City of Women (1980)

Federico Fellini’s 1963 masterwork 8 ½ is, among many things, a look at women from the perspective of man. The lead character’s impressions of women, throughout all the stages of his life, are a vibrant pastiche ranging from the vulgar and exaggerated to the subtle and stoic. In City of Women (1980), a follow-up of sorts, the fallibility of perspective is from an even higher bird’s-eye view; while we follow one man (played by Marcello Mastroianni, the same actor as in 8 ½) on an even wilder ride, where he’s no longer the one in control. Woman’s story here is reclaimed; the 1963 image of Mastroianni armed with a lion tamer’s whip and chair is replaced by exaggerated feminist sensibilities, including roller-skating women kicking male mannequins in the groin.

In fact, City of Women also plays like a sort of Alice’s Adventures in Wonderland – beginning with the pursuit of a White Rabbit as a mysterious woman in sunglasses; followed by a series of misadventures, each more absurd than the last; and culminating in a trial, outrageous sentencing, and an awakening from a dream.

The film opens with a just-past-middle-aged man Snàporaz, played by Mastroianni, riding a train where he has a brief fling with a stranger. Enraptured, he follows her into the forest, then loses track of her and wanders into an overgrown, seemingly abandoned Grand Hotel. He finds himself in the middle of a feminists’ convention, a scene of chaos and pandemonium filled to the brim with passionate activist women, where the key note speaker is a woman with multiple husbands; she says she was inspired by Snow White and the Seven Dwarfs.

Snàporaz tries to get back to the train station, and after a few bumpy starts, finds refuge at the home of Dr. Katzone, who lives in the countryside away from the hotel. Katzone’s house is a sort of high-tech villa, or maybe a tomb, free from the rule of women where he is lord and master of his own space. His labyrinthine home includes interactive photographs, showcasing his past loves and playing audio of their soundbites, and a celebration is about to unfold celebrating a “milestone” of sorts in his love life. Here, the women of his lifetime, including girlfriends, servants, chefs, all fall to his command. In hiding himself out, and perhaps by separating the women of his household from the greater community, they seem oblivious to the rising feminism and self-determination of their sisters outside the palazzo walls.

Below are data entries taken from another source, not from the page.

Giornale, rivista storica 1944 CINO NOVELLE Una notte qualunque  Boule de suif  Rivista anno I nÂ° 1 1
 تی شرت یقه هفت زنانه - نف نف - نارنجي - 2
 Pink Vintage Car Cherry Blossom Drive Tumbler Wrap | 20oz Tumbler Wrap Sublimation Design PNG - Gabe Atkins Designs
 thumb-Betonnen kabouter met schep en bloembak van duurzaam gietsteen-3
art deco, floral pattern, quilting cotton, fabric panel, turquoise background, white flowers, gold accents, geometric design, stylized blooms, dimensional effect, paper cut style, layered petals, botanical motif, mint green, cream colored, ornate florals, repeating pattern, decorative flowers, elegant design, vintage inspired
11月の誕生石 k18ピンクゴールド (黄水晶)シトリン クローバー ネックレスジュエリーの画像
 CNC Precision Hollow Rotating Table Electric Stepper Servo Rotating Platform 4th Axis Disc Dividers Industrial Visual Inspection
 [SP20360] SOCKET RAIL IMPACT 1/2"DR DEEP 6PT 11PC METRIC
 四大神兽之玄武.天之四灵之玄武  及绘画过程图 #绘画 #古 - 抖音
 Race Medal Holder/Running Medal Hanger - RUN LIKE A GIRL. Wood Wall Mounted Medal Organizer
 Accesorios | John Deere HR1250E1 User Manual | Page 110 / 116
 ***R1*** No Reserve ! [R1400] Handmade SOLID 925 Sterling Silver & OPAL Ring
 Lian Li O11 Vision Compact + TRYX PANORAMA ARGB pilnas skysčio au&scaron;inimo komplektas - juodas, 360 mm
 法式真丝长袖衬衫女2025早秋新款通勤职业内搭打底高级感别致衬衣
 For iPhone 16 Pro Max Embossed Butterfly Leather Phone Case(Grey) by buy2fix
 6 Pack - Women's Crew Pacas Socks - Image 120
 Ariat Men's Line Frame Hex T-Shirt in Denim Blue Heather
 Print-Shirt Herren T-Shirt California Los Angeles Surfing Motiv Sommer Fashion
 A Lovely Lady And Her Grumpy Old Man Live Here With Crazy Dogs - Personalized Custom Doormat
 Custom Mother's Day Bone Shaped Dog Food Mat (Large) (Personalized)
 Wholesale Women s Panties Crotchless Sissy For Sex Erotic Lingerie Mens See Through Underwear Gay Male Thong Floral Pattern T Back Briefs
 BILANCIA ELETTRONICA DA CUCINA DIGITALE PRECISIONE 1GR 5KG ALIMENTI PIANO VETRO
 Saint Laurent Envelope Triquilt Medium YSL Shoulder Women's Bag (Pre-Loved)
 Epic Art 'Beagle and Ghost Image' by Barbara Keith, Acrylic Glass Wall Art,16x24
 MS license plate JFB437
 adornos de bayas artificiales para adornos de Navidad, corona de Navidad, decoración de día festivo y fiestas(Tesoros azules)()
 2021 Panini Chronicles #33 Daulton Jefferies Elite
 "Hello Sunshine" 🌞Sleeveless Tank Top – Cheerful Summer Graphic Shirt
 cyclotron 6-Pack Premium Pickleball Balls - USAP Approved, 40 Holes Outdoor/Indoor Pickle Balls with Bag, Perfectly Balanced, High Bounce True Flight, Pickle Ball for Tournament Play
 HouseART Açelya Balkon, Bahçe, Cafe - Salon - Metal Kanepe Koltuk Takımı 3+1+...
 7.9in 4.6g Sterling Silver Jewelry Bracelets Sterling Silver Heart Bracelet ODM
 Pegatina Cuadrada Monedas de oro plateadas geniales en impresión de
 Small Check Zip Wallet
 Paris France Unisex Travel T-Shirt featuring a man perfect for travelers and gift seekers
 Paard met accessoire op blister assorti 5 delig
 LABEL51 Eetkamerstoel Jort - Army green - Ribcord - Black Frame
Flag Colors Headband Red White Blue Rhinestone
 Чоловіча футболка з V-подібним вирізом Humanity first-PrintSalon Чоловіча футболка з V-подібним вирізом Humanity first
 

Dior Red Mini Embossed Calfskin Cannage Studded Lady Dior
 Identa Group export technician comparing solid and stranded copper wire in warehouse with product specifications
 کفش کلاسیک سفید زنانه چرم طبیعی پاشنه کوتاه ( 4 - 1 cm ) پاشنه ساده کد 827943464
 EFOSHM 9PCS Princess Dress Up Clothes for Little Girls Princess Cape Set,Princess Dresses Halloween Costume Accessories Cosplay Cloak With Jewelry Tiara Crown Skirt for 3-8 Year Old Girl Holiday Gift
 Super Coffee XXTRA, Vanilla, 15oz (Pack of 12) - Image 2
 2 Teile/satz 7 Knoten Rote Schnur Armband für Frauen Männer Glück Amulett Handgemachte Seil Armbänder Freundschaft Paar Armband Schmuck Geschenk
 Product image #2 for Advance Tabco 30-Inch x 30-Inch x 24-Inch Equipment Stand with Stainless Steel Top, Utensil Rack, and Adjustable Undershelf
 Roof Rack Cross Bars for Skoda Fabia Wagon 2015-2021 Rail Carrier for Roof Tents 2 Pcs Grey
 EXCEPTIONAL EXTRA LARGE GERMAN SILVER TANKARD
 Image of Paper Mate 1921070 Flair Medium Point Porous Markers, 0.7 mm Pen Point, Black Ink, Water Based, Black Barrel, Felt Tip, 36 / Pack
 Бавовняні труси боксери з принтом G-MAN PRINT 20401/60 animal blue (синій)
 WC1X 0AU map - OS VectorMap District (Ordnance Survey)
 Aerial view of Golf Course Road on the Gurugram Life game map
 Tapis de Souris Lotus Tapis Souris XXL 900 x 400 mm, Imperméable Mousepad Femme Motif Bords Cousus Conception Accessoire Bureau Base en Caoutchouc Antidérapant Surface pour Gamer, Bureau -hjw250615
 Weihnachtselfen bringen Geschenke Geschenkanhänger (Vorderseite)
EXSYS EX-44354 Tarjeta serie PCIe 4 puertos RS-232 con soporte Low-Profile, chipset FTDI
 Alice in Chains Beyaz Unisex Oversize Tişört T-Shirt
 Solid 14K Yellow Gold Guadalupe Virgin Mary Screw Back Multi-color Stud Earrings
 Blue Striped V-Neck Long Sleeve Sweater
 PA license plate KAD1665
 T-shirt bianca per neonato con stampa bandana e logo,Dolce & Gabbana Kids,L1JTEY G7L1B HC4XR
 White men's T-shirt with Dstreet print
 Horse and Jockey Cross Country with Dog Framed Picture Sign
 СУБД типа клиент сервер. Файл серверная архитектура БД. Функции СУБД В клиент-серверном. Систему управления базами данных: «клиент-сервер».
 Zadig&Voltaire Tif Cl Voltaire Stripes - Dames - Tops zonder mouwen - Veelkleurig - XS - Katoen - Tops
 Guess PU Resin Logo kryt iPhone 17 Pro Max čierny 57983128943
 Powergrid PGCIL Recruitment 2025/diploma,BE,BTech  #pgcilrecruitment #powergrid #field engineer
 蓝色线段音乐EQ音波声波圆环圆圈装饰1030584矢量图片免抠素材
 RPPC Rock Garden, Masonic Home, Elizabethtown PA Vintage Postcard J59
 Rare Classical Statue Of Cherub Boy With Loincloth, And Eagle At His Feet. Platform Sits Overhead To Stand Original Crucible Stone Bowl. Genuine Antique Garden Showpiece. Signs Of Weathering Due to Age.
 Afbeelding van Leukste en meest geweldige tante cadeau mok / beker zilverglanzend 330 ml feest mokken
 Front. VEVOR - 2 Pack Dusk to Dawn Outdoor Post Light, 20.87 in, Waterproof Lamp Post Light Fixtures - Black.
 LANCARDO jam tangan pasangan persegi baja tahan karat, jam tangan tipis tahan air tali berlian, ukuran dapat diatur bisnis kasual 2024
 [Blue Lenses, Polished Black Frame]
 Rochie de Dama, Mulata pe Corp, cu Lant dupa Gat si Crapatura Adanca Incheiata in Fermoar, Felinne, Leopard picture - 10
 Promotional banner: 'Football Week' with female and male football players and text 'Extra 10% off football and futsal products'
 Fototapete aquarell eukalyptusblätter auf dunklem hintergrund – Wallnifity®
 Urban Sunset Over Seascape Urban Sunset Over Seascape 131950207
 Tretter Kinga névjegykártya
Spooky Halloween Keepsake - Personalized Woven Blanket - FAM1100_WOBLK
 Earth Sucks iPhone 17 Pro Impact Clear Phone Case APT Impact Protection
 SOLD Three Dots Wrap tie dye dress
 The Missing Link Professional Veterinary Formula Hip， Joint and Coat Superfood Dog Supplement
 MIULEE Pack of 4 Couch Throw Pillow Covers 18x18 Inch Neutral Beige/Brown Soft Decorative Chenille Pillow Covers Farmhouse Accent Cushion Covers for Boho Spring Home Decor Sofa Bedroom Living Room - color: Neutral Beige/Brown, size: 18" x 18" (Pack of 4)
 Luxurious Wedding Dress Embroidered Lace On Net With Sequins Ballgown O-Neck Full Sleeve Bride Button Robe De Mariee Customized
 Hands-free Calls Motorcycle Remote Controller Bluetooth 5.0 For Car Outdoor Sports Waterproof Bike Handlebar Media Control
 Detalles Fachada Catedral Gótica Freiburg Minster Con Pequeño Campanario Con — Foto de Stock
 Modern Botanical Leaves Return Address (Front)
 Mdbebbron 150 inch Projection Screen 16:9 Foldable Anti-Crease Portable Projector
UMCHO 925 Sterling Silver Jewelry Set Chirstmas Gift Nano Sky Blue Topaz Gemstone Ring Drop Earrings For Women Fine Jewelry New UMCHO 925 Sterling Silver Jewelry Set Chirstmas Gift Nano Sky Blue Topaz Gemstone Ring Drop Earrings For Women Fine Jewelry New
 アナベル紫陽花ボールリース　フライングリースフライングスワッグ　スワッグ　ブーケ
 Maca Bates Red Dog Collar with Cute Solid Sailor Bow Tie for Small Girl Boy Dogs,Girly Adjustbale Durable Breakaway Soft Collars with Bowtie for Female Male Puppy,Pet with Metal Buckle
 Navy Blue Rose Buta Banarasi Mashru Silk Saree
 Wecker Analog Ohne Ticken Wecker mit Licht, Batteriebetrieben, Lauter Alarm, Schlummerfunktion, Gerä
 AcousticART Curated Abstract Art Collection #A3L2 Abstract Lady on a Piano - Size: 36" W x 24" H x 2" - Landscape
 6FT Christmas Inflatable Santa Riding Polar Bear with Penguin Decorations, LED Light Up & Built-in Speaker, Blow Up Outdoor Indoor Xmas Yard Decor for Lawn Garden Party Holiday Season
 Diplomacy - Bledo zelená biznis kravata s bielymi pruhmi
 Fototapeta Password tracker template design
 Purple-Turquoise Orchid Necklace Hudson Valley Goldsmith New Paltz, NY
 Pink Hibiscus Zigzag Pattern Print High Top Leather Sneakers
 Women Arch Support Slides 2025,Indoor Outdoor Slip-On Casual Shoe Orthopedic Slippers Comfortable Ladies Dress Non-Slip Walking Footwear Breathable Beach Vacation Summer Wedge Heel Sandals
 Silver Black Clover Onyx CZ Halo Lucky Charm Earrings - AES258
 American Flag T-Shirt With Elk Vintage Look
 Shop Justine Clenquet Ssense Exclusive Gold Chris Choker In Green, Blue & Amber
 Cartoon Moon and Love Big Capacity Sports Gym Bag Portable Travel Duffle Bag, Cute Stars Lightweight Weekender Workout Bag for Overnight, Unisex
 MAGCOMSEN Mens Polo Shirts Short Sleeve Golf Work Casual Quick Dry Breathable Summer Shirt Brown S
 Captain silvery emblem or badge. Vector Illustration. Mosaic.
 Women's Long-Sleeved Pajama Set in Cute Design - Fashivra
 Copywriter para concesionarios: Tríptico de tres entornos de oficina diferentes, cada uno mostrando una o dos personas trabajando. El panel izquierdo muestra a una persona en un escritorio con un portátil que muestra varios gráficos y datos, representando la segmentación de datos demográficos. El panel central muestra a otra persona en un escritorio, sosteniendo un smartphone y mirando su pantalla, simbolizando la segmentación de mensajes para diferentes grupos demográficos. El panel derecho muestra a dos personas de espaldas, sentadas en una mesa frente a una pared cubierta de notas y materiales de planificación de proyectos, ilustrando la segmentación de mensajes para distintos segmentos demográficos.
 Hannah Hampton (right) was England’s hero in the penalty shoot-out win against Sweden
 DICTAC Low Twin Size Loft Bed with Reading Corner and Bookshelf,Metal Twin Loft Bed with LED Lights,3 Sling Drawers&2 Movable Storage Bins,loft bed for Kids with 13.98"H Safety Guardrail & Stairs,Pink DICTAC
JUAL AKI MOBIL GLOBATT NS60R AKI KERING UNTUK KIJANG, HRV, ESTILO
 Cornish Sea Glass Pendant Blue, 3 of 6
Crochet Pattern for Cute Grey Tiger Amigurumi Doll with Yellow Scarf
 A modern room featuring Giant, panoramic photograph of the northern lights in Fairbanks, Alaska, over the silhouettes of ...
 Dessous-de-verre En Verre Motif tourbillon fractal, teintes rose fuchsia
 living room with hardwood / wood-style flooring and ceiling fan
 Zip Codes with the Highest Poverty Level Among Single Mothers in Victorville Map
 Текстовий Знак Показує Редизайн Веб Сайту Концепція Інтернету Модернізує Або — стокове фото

That night, under the guise of staying as a houseguest, Snàporaz is caught in a trap: underneath his bed is a slide, and he whisks by his own memories of women looming from his past; not as static photographs and audio recordings like for Katzone, but as the real deal: living, breathing women, illuminated by stagelights like acts in a circus. He glides past them and lands deep below into some sort of test of masculinity; it’s hard not to be reminded of gay conversion camps, with exaggeratedly delicate-looking men donning robes, short shorts, and scarves, who, one by one, are summoned away for a final test of manhood and ultimately a trial – all run by women.

The events of the film reflect an impotence, both figurative and literal, of man in the era of feminism; Mastroianni, at one time an effortlessly suave embodiment of confidence and self-assuredness, now has no control over his destiny, and is fully at the mercy of women, whether they cart him around or chase him away. The world of the 1960s where he commanded (in his mind at least) the opposite sex is gone now, and now in his 50s, his masculinity just doesn’t seem up to the task anymore. Taking Katzone as a contemporary, in age and romantic prowess, the only way men in this world can grapple with the rise of feminism is to run away from it.

The power Mastroianni held over women in 1963’s 8 ½ is long gone by 1980’s City of Women. Even the few that do seem charmed by him, and go out of their way to help him, are doing so by their own accord, and even then they ultimately bamboozle him. He’s little more than a pawn or a plaything. Perhaps this shift, daringly embodied by Italian cinema’s leading figure of masculinity, is all the stronger a case that times have changed. Or rather – not that the times themselves have changed, but that men are finally realizing it.

The common delusional misconception that feminism is hatred toward men, is here fully realized and experienced by the likely machismo-minded older men of 1980 Italy. They, in turn, grew up before and during the fascist era, and perhaps being confronted by the concept of gender equality may have been truly shocking for them. In addition to Mastroianni’s performance, this gender and generational conflict is recognized one of world cinema’s preeminent filmmakers, Fellini; through this film, he acknowledges his generation’s (and perhaps his own) failings or misunderstandings that the world is moving on. Like Snàporaz, the City of Women has been awakened.